There is no glory on this day for anyone. All four parties in the House gain and lose from what is happening in Ottawa.

The Harper government gets to stay in office, having thrown a few crumbs on the table to win the support of the NDP and the Bloc. The Conservatives who relish their take-no-prisoners approach to governing are tall in the saddle. What they have lost is the ability to frighten Canadians with the terrors of last autumn's failed attempt to create a Liberal-NDP coalition government with the backing of the Bloc. Now it is Stephen Harper who is being kept in office by the socialists and the separatists, the very political forces he earlier portrayed as unfit to have a say in governing the country.

Michael Ignatieff is a winner because his bluff paid off. The Liberals are now free to vote against the government on every confidence motion. They have succeeded in shifting the burden of determining the fate of the government to the two other opposition parties. While the Liberals may be the major victors in this week's brawl, that doesn't reverse the remarkable shrinkage Ignatieff's stature has undergone over the past year. Once thought of as a sparkling intellectual, a second Pierre Trudeau, the Liberal leader bumbled his way into and out of the coalition, gave his support to the Harper government in return for a few report cards, and spent the summer who knows where.

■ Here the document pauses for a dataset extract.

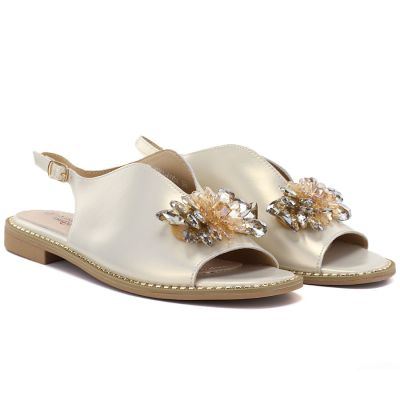 4. Damen-Sandalen aus flachem Leder mit Kristallen, Gold, S.Barski 61-6004
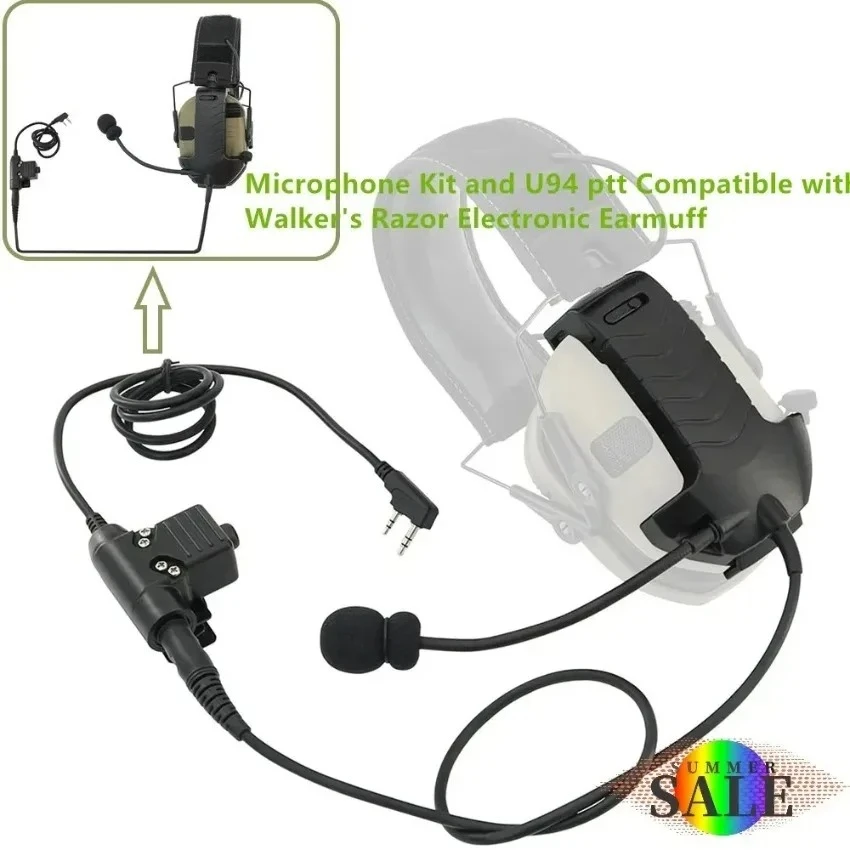 Adaptador de auriculares de protección auditiva táctica compatible con orejera electrónica WalkerRazor Incluye kit de micrófono y U94PTT - imagen 2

Jack Layton delayed another trip to the polls, which may have been his short-term aim. He has lost his position as the stalwart opponent of a deeply reactionary government. Principle gave way to expediency. Chiding the Liberals for their previous votes of confidence in Stephen Harper doesn't amount to much if the NDP backs the government when it really counts.

For the Bloc Quebecois to vote confidence in a government that excoriated their movement and party as having no right to a role in running the country shouts the message that all Gilles Duceppe and his MPs care about is saving their seats. Quebecois who were furious about Harper's demagogic campaign to de-legitimize their members of parliament can only shake their heads in disgust.

Jack fell down and broke his crown and Gilles came tumbling after.

Canadians grow cynical as they watch. Last year, a smaller proportion of Canadians than Americans voted in their countries' respective elections, and that was unprecedented. At a time when Canadians need political leadership to cope with a broken economic system, they get this.